## ACTIVITY
Each record is to be transcribed in full and exactly.

----------------------------------------

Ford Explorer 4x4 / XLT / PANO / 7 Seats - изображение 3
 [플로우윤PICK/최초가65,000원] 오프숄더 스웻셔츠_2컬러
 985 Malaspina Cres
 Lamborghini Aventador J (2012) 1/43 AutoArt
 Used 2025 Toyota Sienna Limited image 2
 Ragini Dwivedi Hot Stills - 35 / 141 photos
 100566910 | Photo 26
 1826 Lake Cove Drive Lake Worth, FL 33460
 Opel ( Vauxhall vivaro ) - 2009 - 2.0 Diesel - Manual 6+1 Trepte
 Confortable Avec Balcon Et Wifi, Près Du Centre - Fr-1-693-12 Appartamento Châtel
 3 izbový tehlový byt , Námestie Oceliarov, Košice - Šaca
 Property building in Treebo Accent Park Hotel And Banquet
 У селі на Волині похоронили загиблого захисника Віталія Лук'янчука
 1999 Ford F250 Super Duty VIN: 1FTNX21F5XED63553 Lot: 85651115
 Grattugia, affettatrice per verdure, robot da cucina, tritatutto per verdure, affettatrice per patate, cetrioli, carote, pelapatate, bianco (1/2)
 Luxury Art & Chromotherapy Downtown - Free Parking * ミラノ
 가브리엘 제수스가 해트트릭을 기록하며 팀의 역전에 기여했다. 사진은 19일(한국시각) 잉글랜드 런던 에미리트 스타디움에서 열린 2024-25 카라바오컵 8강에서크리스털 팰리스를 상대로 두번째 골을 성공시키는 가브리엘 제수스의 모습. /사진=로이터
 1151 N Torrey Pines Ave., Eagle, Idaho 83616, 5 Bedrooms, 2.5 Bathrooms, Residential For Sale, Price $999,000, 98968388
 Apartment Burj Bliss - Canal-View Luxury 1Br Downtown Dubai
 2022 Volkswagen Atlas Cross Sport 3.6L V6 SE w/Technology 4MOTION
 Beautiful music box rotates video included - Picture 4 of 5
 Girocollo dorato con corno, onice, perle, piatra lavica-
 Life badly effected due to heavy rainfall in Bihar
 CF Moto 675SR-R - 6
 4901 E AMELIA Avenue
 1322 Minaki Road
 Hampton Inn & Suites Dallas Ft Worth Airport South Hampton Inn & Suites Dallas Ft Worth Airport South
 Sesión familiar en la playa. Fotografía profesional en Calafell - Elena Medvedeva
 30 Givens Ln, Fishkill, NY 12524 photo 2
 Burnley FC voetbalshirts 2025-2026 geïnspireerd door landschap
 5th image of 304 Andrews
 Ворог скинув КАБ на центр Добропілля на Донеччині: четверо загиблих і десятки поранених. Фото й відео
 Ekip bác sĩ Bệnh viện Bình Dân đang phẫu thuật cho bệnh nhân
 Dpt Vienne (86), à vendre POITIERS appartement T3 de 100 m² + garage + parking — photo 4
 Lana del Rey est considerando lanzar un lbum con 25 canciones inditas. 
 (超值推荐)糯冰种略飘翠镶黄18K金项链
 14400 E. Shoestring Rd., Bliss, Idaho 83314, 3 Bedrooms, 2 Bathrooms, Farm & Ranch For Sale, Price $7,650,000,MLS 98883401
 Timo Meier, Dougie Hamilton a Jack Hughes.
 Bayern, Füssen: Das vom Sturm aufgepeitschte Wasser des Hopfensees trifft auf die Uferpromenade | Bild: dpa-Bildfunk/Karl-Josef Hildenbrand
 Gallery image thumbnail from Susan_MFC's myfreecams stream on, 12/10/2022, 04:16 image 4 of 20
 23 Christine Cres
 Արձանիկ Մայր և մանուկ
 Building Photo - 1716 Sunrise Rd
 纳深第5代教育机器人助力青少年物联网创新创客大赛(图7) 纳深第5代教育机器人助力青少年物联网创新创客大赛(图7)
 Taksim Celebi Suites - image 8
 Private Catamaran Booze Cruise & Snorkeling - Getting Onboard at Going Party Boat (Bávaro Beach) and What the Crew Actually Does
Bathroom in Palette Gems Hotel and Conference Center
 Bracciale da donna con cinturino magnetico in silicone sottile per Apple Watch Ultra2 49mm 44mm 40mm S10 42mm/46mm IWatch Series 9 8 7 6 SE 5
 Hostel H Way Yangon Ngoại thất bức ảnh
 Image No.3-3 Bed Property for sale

----------------------------------------

## EXERCISE RESPONSE
Ford Explorer 4x4 / XLT / PANO / 7 Seats - изображение 3
 [플로우윤PICK/최초가65,000원] 오프숄더 스웻셔츠_2컬러
 985 Malaspina Cres
 Lamborghini Aventador J (2012) 1/43 AutoArt
 Used 2025 Toyota Sienna Limited image 2
 Ragini Dwivedi Hot Stills - 35 / 141 photos
 100566910 | Photo 26
 1826 Lake Cove Drive Lake Worth, FL 33460
 Opel ( Vauxhall vivaro ) - 2009 - 2.0 Diesel - Manual 6+1 Trepte
 Confortable Avec Balcon Et Wifi, Près Du Centre - Fr-1-693-12 Appartamento Châtel
 3 izbový tehlový byt , Námestie Oceliarov, Košice - Šaca
 Property building in Treebo Accent Park Hotel And Banquet
 У селі на Волині похоронили загиблого захисника Віталія Лук'янчука
 1999 Ford F250 Super Duty VIN: 1FTNX21F5XED63553 Lot: 85651115
 Grattugia, affettatrice per verdure, robot da cucina, tritatutto per verdure, affettatrice per patate, cetrioli, carote, pelapatate, bianco (1/2)
 Luxury Art & Chromotherapy Downtown - Free Parking * ミラノ
 가브리엘 제수스가 해트트릭을 기록하며 팀의 역전에 기여했다. 사진은 19일(한국시각) 잉글랜드 런던 에미리트 스타디움에서 열린 2024-25 카라바오컵 8강에서크리스털 팰리스를 상대로 두번째 골을 성공시키는 가브리엘 제수스의 모습. /사진=로이터
 1151 N Torrey Pines Ave., Eagle, Idaho 83616, 5 Bedrooms, 2.5 Bathrooms, Residential For Sale, Price $999,000, 98968388
 Apartment Burj Bliss - Canal-View Luxury 1Br Downtown Dubai
 2022 Volkswagen Atlas Cross Sport 3.6L V6 SE w/Technology 4MOTION
 Beautiful music box rotates video included - Picture 4 of 5
 Girocollo dorato con corno, onice, perle, piatra lavica-
 Life badly effected due to heavy rainfall in Bihar
 CF Moto 675SR-R - 6
 4901 E AMELIA Avenue
 1322 Minaki Road
 Hampton Inn & Suites Dallas Ft Worth Airport South Hampton Inn & Suites Dallas Ft Worth Airport South
 Sesión familiar en la playa. Fotografía profesional en Calafell - Elena Medvedeva
 30 Givens Ln, Fishkill, NY 12524 photo 2
 Burnley FC voetbalshirts 2025-2026 geïnspireerd door landschap
 5th image of 304 Andrews
 Ворог скинув КАБ на центр Добропілля на Донеччині: четверо загиблих і десятки поранених. Фото й відео
 Ekip bác sĩ Bệnh viện Bình Dân đang phẫu thuật cho bệnh nhân
 Dpt Vienne (86), à vendre POITIERS appartement T3 de 100 m² + garage + parking — photo 4
 Lana del Rey est considerando lanzar un lbum con 25 canciones inditas. 
 (超值推荐)糯冰种略飘翠镶黄18K金项链
 14400 E. Shoestring Rd., Bliss, Idaho 83314, 3 Bedrooms, 2 Bathrooms, Farm & Ranch For Sale, Price $7,650,000,MLS 98883401
 Timo Meier, Dougie Hamilton a Jack Hughes.
 Bayern, Füssen: Das vom Sturm aufgepeitschte Wasser des Hopfensees trifft auf die Uferpromenade | Bild: dpa-Bildfunk/Karl-Josef Hildenbrand
 Gallery image thumbnail from Susan_MFC's myfreecams stream on, 12/10/2022, 04:16 image 4 of 20
 23 Christine Cres
 Արձանիկ Մայր և մանուկ
 Building Photo - 1716 Sunrise Rd
 纳深第5代教育机器人助力青少年物联网创新创客大赛(图7) 纳深第5代教育机器人助力青少年物联网创新创客大赛(图7)
 Taksim Celebi Suites - image 8
 Private Catamaran Booze Cruise & Snorkeling - Getting Onboard at Going Party Boat (Bávaro Beach) and What the Crew Actually Does
Bathroom in Palette Gems Hotel and Conference Center
 Bracciale da donna con cinturino magnetico in silicone sottile per Apple Watch Ultra2 49mm 44mm 40mm S10 42mm/46mm IWatch Series 9 8 7 6 SE 5
 Hostel H Way Yangon Ngoại thất bức ảnh
 Image No.3-3 Bed Property for sale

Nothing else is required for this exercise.